Exactly and without additions, transcribe the line that contains "Pepe Jeans Akiniai" and every line after it in the data.

━━━━

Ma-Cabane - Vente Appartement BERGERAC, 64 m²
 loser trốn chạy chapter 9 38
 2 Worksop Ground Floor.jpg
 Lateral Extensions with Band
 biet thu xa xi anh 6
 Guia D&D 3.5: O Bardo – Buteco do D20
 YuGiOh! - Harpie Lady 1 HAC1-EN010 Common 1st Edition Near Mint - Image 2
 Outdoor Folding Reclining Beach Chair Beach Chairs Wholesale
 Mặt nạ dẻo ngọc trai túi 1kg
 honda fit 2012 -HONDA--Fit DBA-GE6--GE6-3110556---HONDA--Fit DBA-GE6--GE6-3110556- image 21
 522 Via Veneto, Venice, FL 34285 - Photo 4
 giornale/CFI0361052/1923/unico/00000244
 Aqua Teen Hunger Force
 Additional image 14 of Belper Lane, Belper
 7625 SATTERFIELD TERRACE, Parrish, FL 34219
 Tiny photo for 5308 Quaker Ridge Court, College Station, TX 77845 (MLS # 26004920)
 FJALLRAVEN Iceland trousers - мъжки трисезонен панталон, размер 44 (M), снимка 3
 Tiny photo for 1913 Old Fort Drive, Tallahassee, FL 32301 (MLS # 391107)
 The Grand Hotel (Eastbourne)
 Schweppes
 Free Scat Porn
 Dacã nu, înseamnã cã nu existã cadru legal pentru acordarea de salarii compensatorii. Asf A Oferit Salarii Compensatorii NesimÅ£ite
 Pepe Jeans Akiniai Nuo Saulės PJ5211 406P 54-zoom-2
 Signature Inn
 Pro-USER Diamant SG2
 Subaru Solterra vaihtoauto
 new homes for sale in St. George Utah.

━━━━

Your solution ->
 Pepe Jeans Akiniai Nuo Saulės PJ5211 406P 54-zoom-2
 Signature Inn
 Pro-USER Diamant SG2
 Subaru Solterra vaihtoauto
 new homes for sale in St. George Utah.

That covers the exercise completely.